### What you are asked to do
Exactly the lines from the line that has "Dodge Dart (2014)" through the final line below are to be retyped, and the pictures are not.

### Data
━━━━━━━━━━━━━━━━━━━━

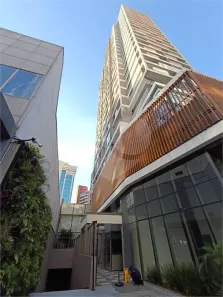 Apartamento com 1 Quarto à venda, 25m² no Consolação, São Paulo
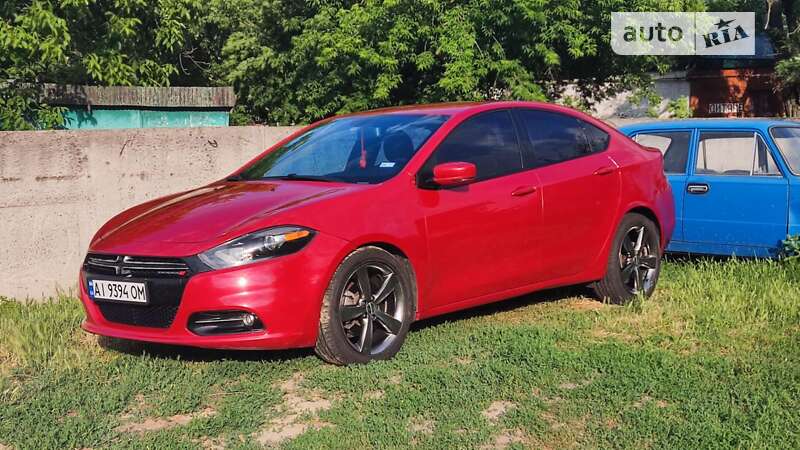 Dodge Dart (2014)
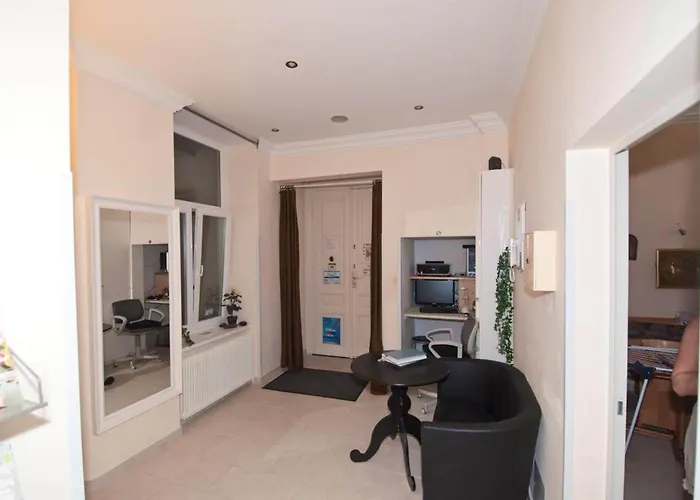 K+t Boardinghouse Affittacamere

━━━━━━━━━━━━━━━━━━━━

### Written solution
 Dodge Dart (2014)
 K+t Boardinghouse Affittacamere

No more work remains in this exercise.